By way of introduction, at the time of writing, the Singapore Convention has been signed by 46 countries including the US, China, India and South Korea. It needs to be ratified by three countries before it comes into force.
Uncertainties in the operationalisation of the Singapore Convention
The first reason why there is room for some healthy scepticism over the Singapore Convention is that there is some uncertainty over how the Singapore Convention will be operationalised. This has several facets, which I will consider in turn.
First, as arbitration practitioners may think with a bit of schadenfreude, the take-up rate of the Singapore Convention is still up in the air. A treaty’s effectiveness hinges on its widespread adoption and acceptance, and the Singapore Convention is still in its infancy compared to the New York Convention. While the initial response to the Singapore Convention has been positive, the fate of the UNCITRAL Model Law on International Commercial Conciliation, 2002 (“Conciliation Model Law”) provides reason to be circumspect. Legislation based on or influenced by the Conciliation Model Law has been adopted in only 33 States in a total of 45 jurisdictions. The corresponding figures for the UNCITRAL Model Law on International Commercial Arbitration is 80 States in 111 jurisdictions. But this comparison is flawed. The Conciliation Model Law was designed to apply in cases where parties could not agree or had not included on a set of mediation rules into their contract.1) This was revised in 2018 by the UNCITRAL Model Law on International Commercial Mediation and International Settlement Agreements Resulting from Mediation, 2018 (amending the UNCITRAL Model Law on International Commercial Conciliation, 2002) (“Mediation Model Law”), which added, among others, the regime for enforcement that parallels the Singapore Convention. Thus, the slow uptake of the Conciliation Model Law does not necessarily bode ill for the Mediation Model Law or the Singapore Convention.
Second, it is an open question how Article 12(4) of the Singapore Convention will affect its implementation in member states of regional economic integration organisations. Article 12(4) provides that the Singapore Convention “shall not prevail over conflicting rules of a regional economic integration organization” if the settlement agreement is sought to be relied on in a member state, and the states involved that make the mediation “international” under Article 1 of the Singapore Convention are member states. The enforcement regime under the Singapore Convention would therefore be subject to any additional preconditions imposed by regional organisations, such as obtaining the counterparty’s consent, as required under the EU Directive on Mediation, before a settlement agreement may be relied on.
Third, Article 5(1)(d) of the Singapore Convention has the potential to greatly limit the applicability of this Convention. Article 5(1)(d) affords a defence if granting relief would be contrary to the terms of the settlement agreement. On this view, which is supported by the travaux préparatoires,2) parties would be allowed to “contract out” of enforcement of their settlement agreement under the Singapore Convention by so providing in their settlement agreement.
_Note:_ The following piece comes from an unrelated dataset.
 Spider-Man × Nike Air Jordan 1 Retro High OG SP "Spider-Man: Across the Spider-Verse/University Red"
Although Article 5(1)(d) might still be limited in effect if courts adopt a strict approach towards interpreting clauses that purport to contract out of the Singapore Convention, legally advised commercial parties are unlikely to face difficulty drafting a sufficiently clear and enforceable clause.
Arbitration and mediation: Frenemies in mutualistic competition
The second reason why arbitration practitioners need not panic just yet is that arbitration and mediation are not true enemies, but “frenemies”.
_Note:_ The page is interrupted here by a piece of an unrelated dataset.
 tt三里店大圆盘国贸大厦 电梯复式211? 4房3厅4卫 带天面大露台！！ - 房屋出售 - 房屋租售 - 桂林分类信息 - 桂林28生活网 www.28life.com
Although arbitration and mediation compete in the same conceptual space of “alternative dispute resolution” to litigation, this dynamic should be viewed as a manifestation of mutualistic, rather than zero-sum competition. Zero-sum competition involves competing against others and according primacy to outcomes because one party’s loss is another’s gain. Mutualistic competition involves competing with others and focuses on the pursuit of an objective (e.g., winning the game) through trying to surpass the competition. To characterise the arb-med relationship as zero-sum competition would be to make two wrong assumptions: (a) that it is impossible to increase the attractiveness of a jurisdiction as a whole as a dispute resolution hub, such that arbitration and mediation advance in tandem (the “fixed pie” assumption); and (b) that disputant-consumers inevitably choose either arbitration or mediation, but not both (the “either/or” assumption).
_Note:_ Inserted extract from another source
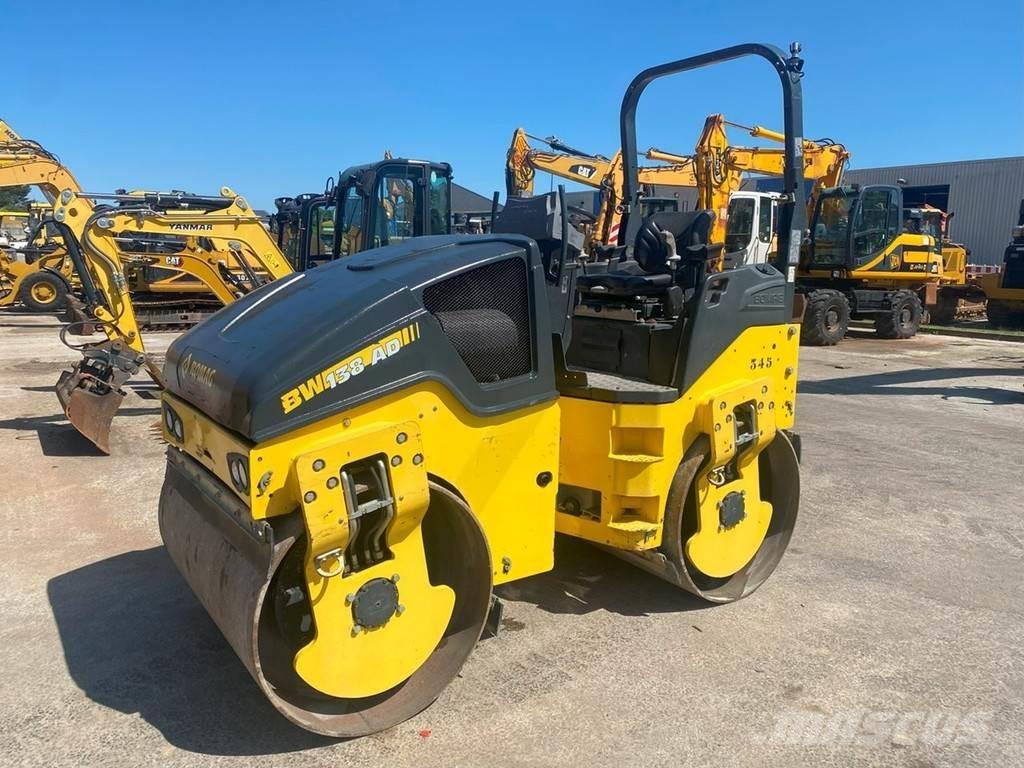 Bomag BW138AD-5 Ikerdobos hengerek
First, the “fixed pie” assumption is contradicted by empirical evidence. The availability of mediation at several renowned arbitral institutions has not dampened demand for arbitration services. The ICC, SCC, and LCIA are amongst the institutions which have all recorded robust growth over the years despite offering mediation services. This phenomenon arises from the fundamental differences between arbitration and mediation, and how disputants choose one mode of dispute resolution over another for their different competitive advantages. Arbitration is regarded as a “litigation-substitute” pathway to a final and binding determination, which carries precedential value in fact if not in law (especially for test cases with multiple similar claims). By contrast, mediation is a less adversarial mode of dispute resolution that saves “face” and preserves relationships at lower financial cost. In view of the different cost-benefit analyses for disputes of different natures (such as complexity and dollar value), the “fixed pie” assumption is incorrect.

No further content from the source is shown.